A hospital reduced sugammadex costs and improved patient care by using smaller doses and better monitoring.

## Contribution

Smaller sugammadex doses and quantitative monitoring reduced costs without compromising safety.

## Key findings

- Average sugammadex dose per case decreased by 55.4 mg with smaller aliquots.
- Quantitative monitoring improved documentation of neuromuscular blockade.
- No safety events were reported across all phases of the study.

## Abstract

Background

Sugammadex rapidly became the standard of care for neuromuscular blockade reversal at our institution, leading to a substantial increase in pharmacy costs. We hypothesized that administering sugammadex in 75 mg aliquots, rather than 200 mg vials, would improve adherence to FDA dosing guidelines, reduce costs, and promote greater use of quantitative neuromuscular monitoring.

Methods

This retrospective study analyzed a departmental process improvement initiative. Baseline sugammadex use (Phase 1) was assessed between July 2021 and January 2022, during which only qualitative neuromuscular monitoring was employed.
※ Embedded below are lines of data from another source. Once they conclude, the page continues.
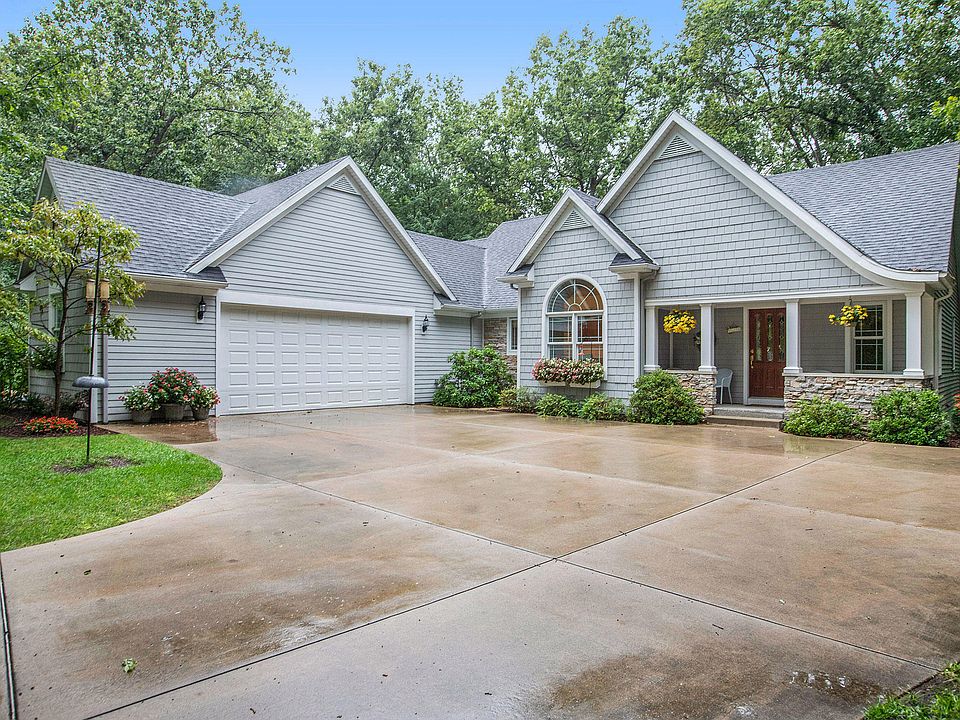 1st image of 4597 Highwood Cir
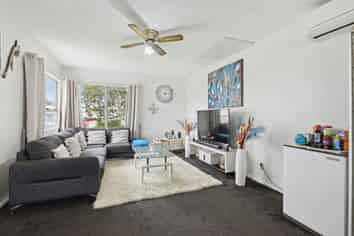 2 Navigator Place, Papatoetoe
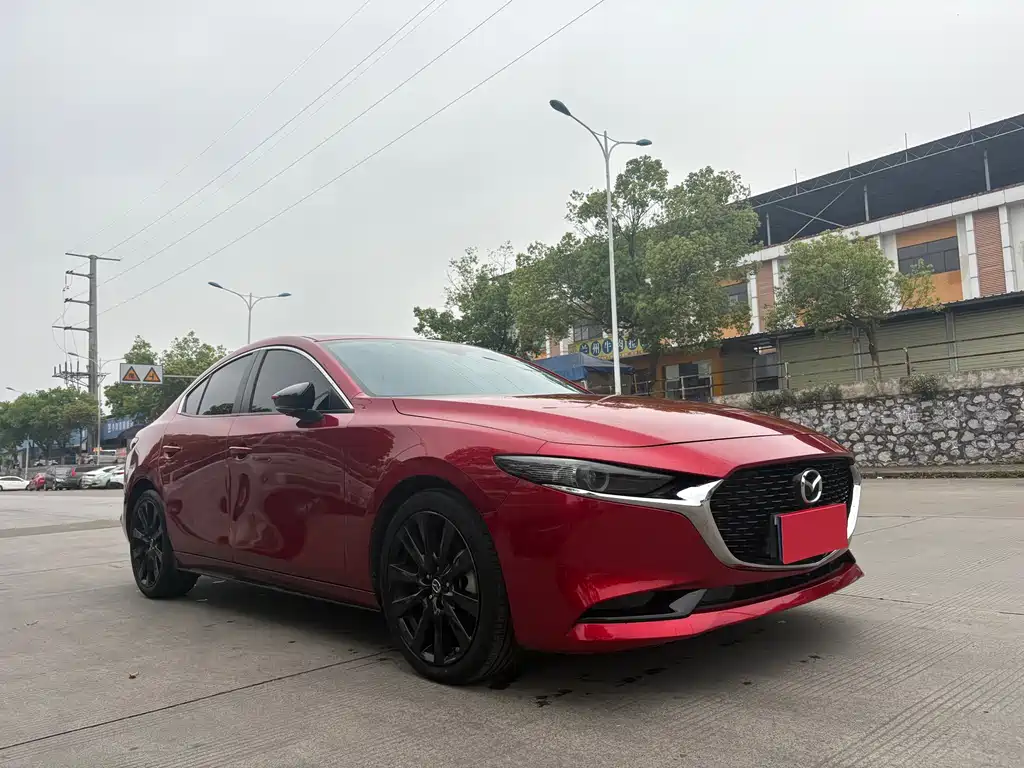 Mazda 3 Axela 2024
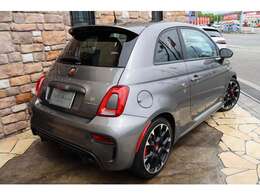 外装色はグリジオレコードです。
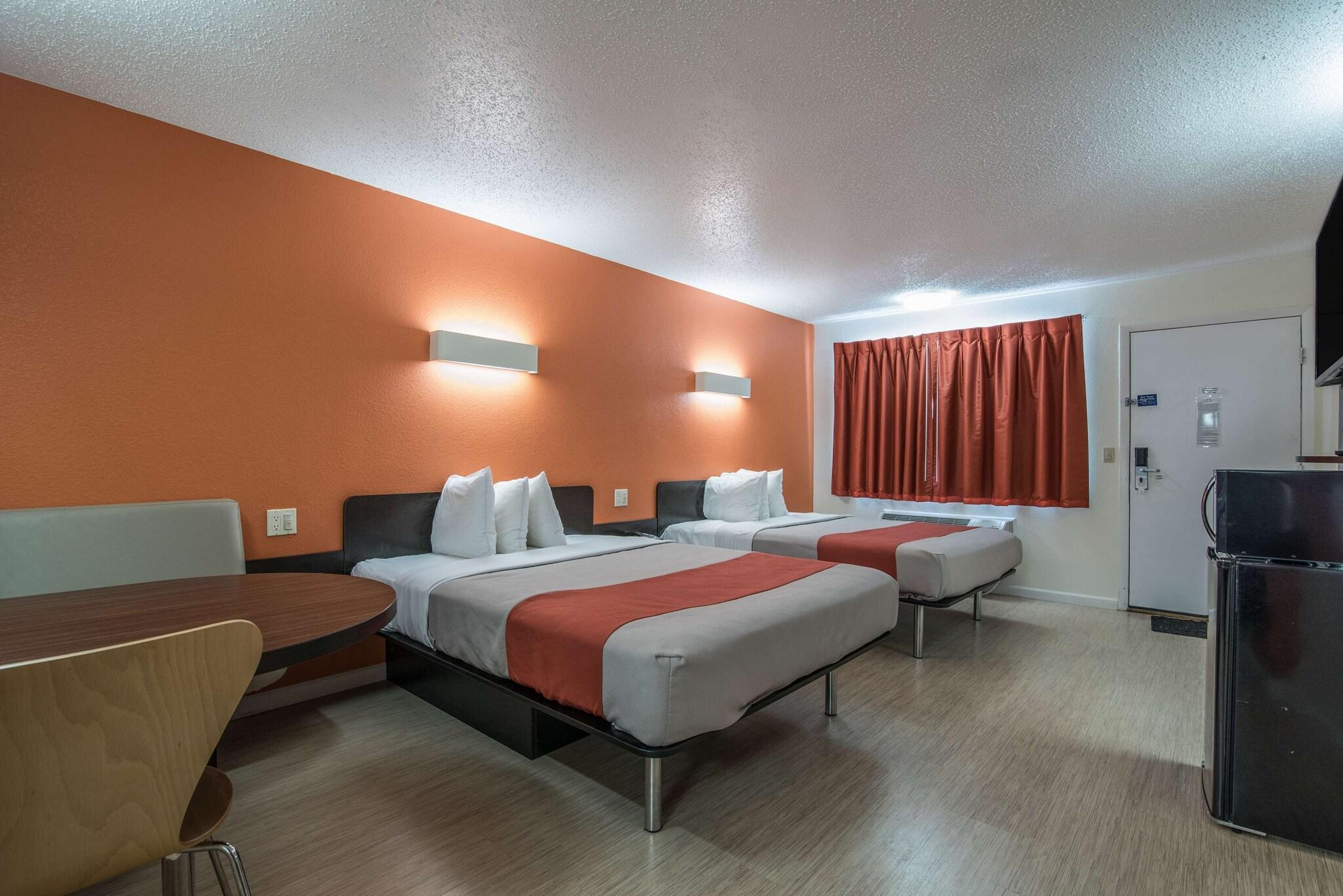 Varios Motel 6 Albany, NY - Airport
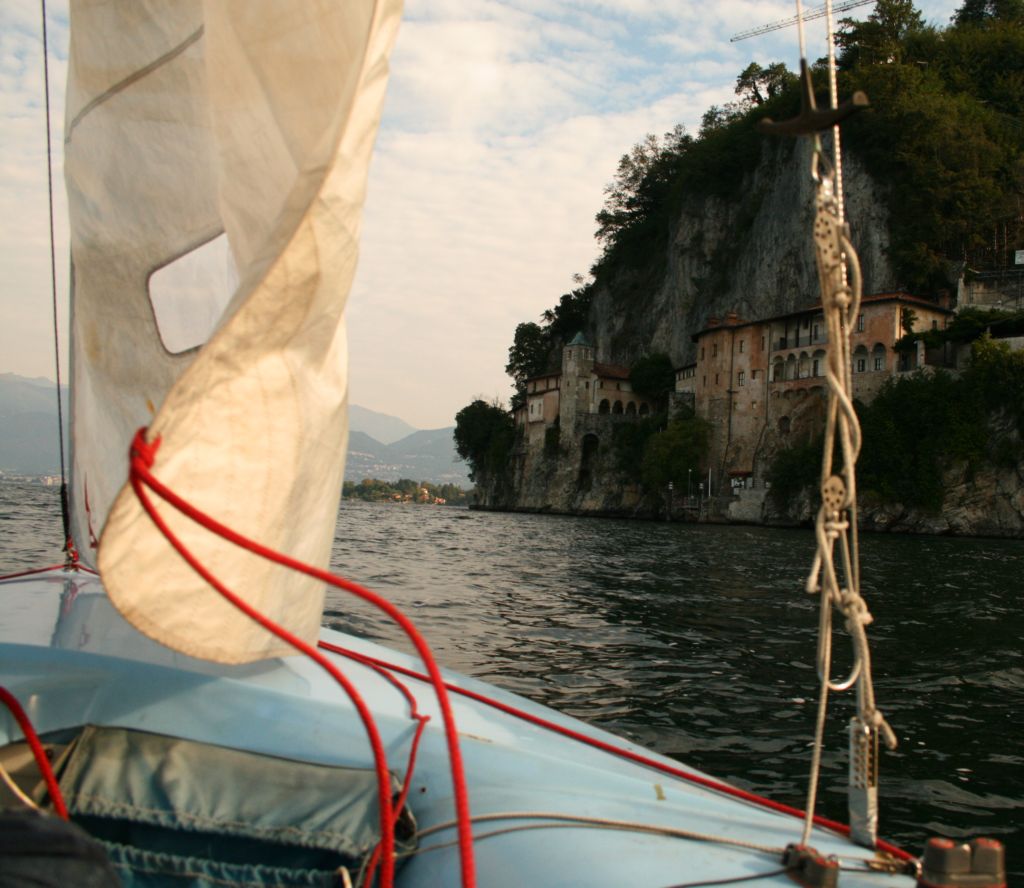 Col vento in poppa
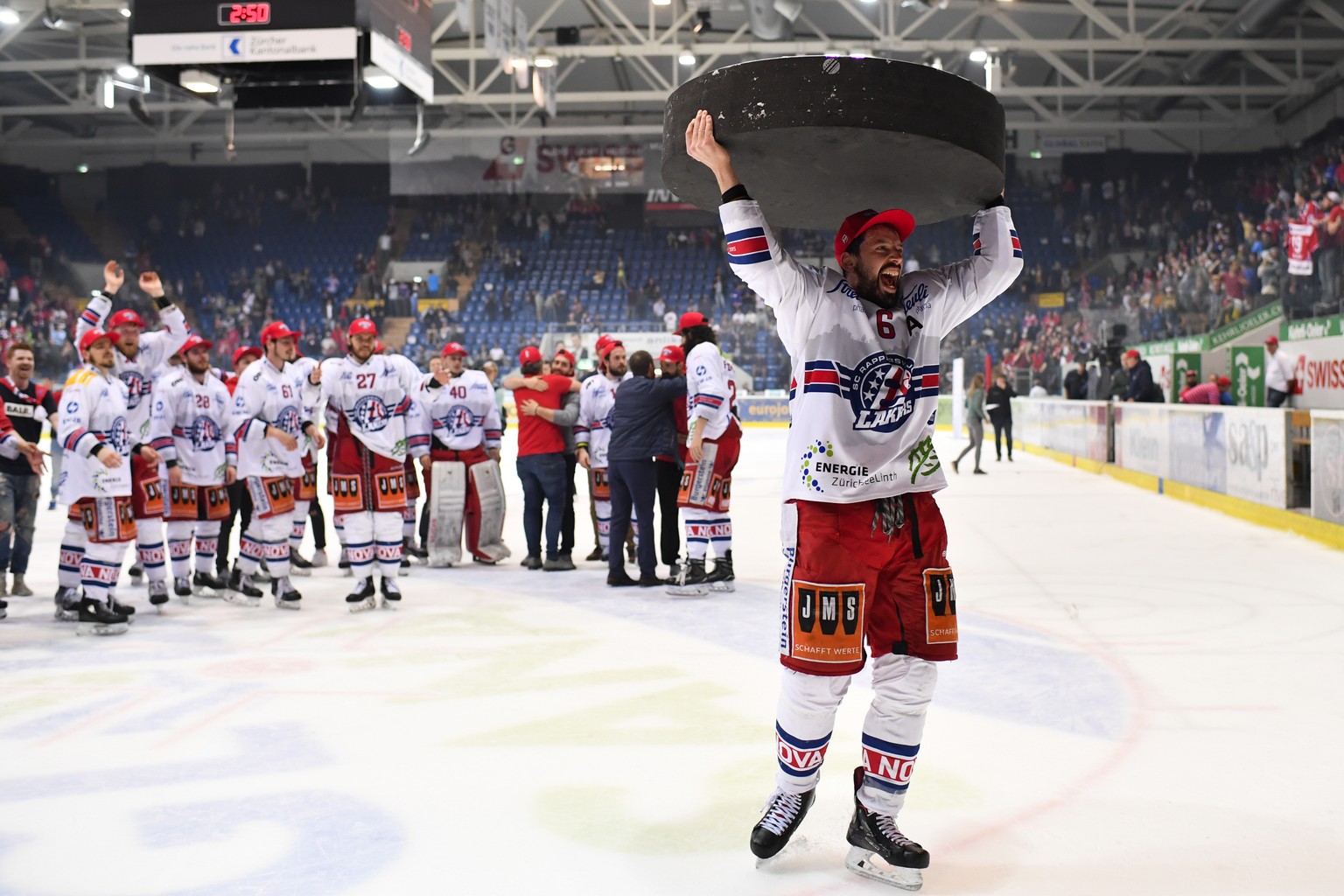 Rapperswils Cyrill Geyer feiert im siebten Eishockey Spiel der Ligaqualifikation der National League zwischen dem EHC Kloten und den SC Rapperswil-Jona Lakers, am Mittwoch, 25. April 2018, in der Swis ...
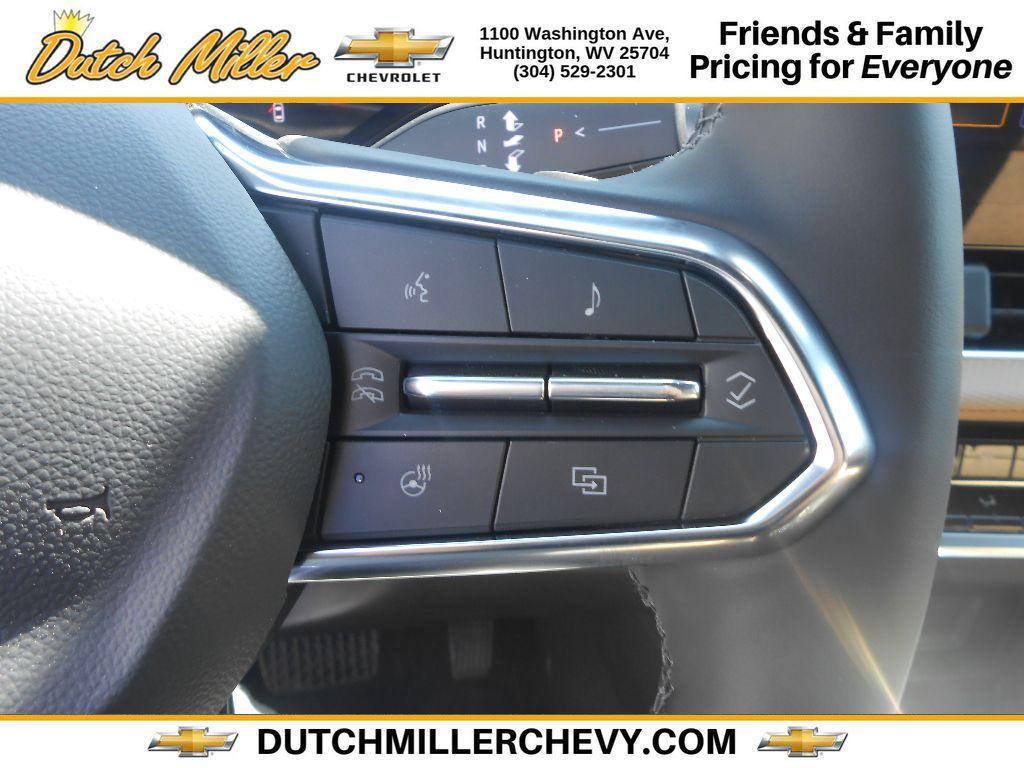new 2026 Chevrolet Equinox car, priced at $38,005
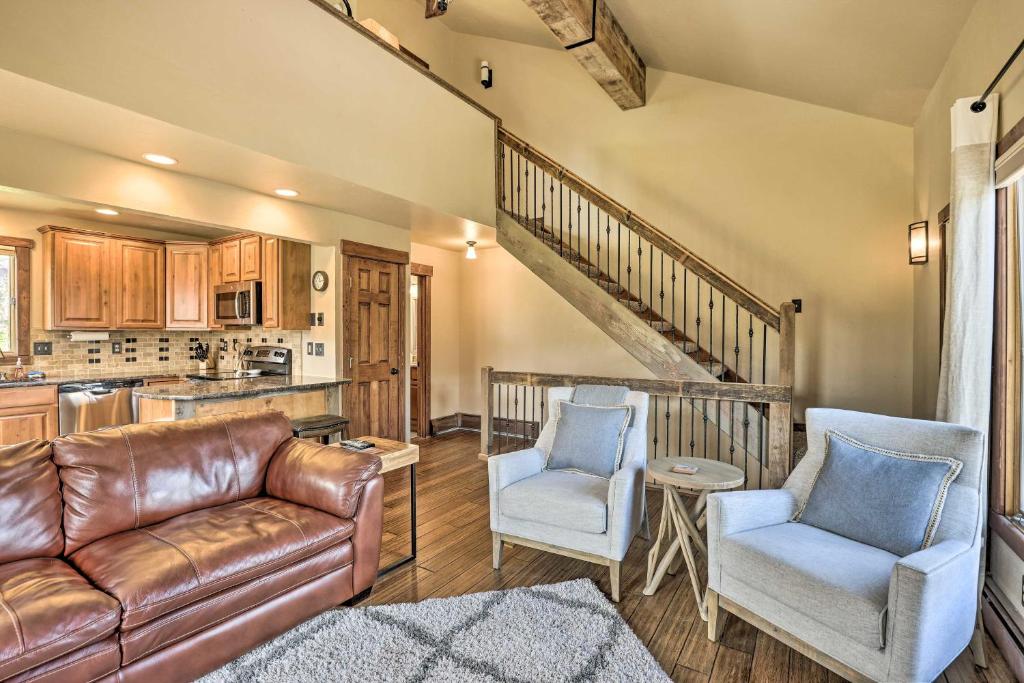 3-Story Home with Balcony about 6 Mi to Winter Park! photo 4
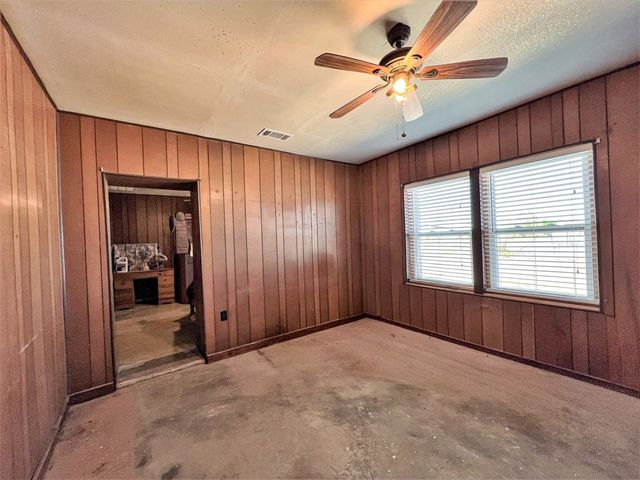 200 S Hartford St, Marfa, TX 79843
From February to August 2022 (Phase 2), pre-filled 75 mg sugammadex syringes were introduced. In Phase 3, from September 2022 to January 2023, these aliquots were used alongside quantitative twitch monitoring. The primary outcome was the average sugammadex dose per case. Patient characteristics and secondary outcomes, including neuromuscular blockade monitoring and documentation, as well as safety event reporting, were also evaluated.

Results

There were no significant differences in patient demographics or comorbidities across phases. With the introduction of 75 mg sugammadex aliquots, the average dose per case decreased by 55.4 mg (95% CI: 52.1-58.8). Following the implementation of quantitative monitoring, the dose increased by 10.8 mg (95% CI: 7.3-14.3). Documentation of neuromuscular blockade improved, and no changes in reported safety events were observed across phases.

Conclusions

The use of smaller compounded sugammadex aliquots, combined with quantitative monitoring and appropriate education, can improve neuromuscular blockade reversal practices while reducing healthcare costs.

## Linked entities

- **Chemicals:** sugammadex (PubChem CID 6918585)

## Full-text entities

- **Diseases:** neuromuscular blockade (MESH:D020879)
- **Chemicals:** Sugammadex (MESH:D000077122)
- **Species:** Homo sapiens (human, species) [taxon 9606]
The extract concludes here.